'Detained and released illegally', or How to spend 4 days in jail instead of 10
One of 170 arrests on Freedom Day 25 March 2018. Photo: Euroradio
Something that some people calle a 'Freedom Day miracle' happened on the evening of 25 March when almost all the opposition activists detained ahead of the Freedom Day celebrations were released. Some of them, like Uladzimir Nyaklyayeu, had spent four days in jail. Others, like Mikalai Statkevich, had been locked for ten hours.
“Nobody explained anything. I realized I was being released when I passed the check-point and noticed Vyachalsau Siuchyk outside. I would have expected to be transferred to some other building or to Zodzina detention centre,” Maksim Vinyarski told Euroradio. “If I had known that I was being released, I would have demanded a reference proving that I had served an administrative sentence. That reference must contain the reason for the release. Usually, this is 'the end of the detention term.' However, something different had to be written in the reference that time.”
To tell you the truth, I think that there was no legal reason to release me. They violated my constitutional rights when they arrested me. They violated the law again when they released me.”
Maksim Vinyarski and some other people detained ahead of the Freedom Dayevents are set to find out the reason for their arrests and check what their current status is.
It is very difficult to organize such a situation legally, rights defender Valyantsin Stefanovich says.
“I am very happy that they have been released. But there are a lot of problems: the court’s decisions that led to the arrests have not been anulled. A higher court has not cancelled it either. It means that these people are still facing imprisonment. And they do not know when it may happen.”
Interestingly, it is impossible to simply cancel an administrative sentence. Technically, nobody has the right to do it. According to the Constitution, neither the Minister of Internal Affairs nor Alyaksandr Lukashenka can interfere in the work of courts.

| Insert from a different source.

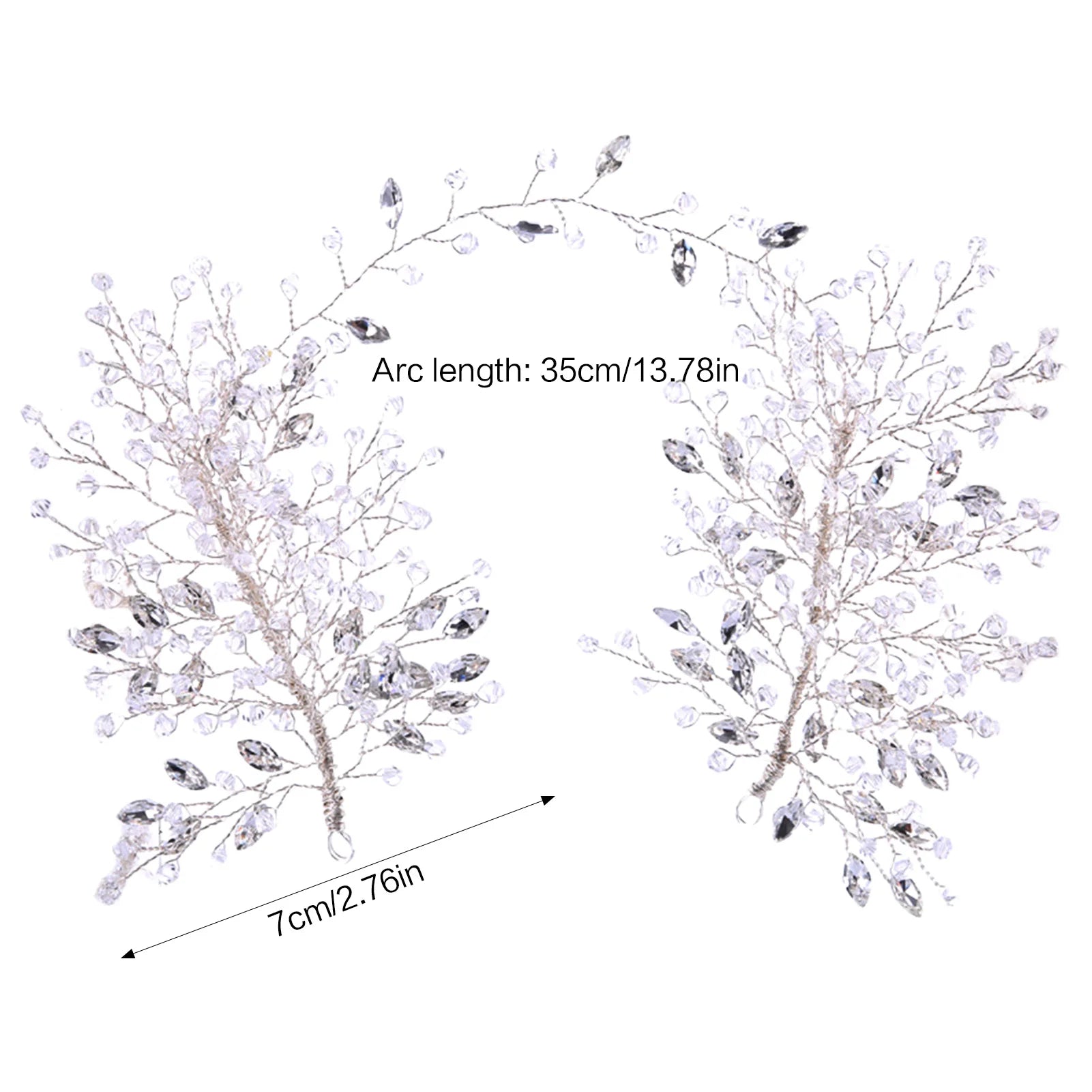 Crystal Rhinestone Bridal Headband Wedding Hair Accessory For Bride And Bridesmaid Peaceful Pleasures Health and Wellness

It is not a legal question, one of the lawyers whom Euroradio asked for comments said. Only the court has the right to reconsider court’s decisions, another lawyer noted.
“They cannot simply release people. You can ask for a respite but it means that the court’s decision needs to be appealed. If the court’s decision was being fulfilled, why were they released then? Some other decision must have been made.”
Te lawyer adds that he has never seen a situation in which an administrative arrest could be divided into parts. It is impossible if you stick to the law.
“You cannot release someone only because you want to. The court’s decision must be fulfilled. If it isn’t, it must be changed somehow. Only the court that pronounced the sentence or a higher instance court can do it.”
In other words, Uladzimir Nyaklyeu cannot owe 6 days of arrest to the legal system only because somebody ordered to release him early on 25 March. The court’s decision needed to be changed to release the politician. The term of his detention had to be shortened from ten to four days or replaced with a fine. Or it had to be cancelled altogether.
All this applies to some ideal world where the rule of law is real. Uladzimir Nyaklyayeu living in modern Belarus does not know if he would be told to spend the remaining six days in jail ahead of some other protest action in the future. Rights defender Valyantsin Stefanovich says on this:
“The started employing the practice of ‘prospective arrests’ in Belarus long ago. The court pronounced its sentence but the people do not get detained despite the fact that the law says that court’s decisions must be fulfilled immediately. They release you saying: 'you will be jailed some time later, and you just remain on the hook."
Even rights defenders have never heard of an administrative arrest to be divided into parts. Belarusian Helsinki Committee observer Nasta Loika can only recall one such case:
“A Polish citizen was preventively detained before 25 March last year. She was charged with swearing in a public place and sentenced to 15 days of arrest. However, the Polish Embassy interfered. As a result, she was released three days later, brought to the border and received a stamp in her passport forbidding her to enter Belarus for 5 years. It is not clear what happens when she comes to Belarus because administrative arrests never expire.”
The Polish citizen has a choice: to stay in Poland or to come to Belarus and see if she gets detained. Uladzimir Nyaklyayeu will have to stay at home forever unless he wants to check the same thing. Iosif Brodski’s verse suits the situation the best: “Don’t leave the room, don’t make the mistake and run.”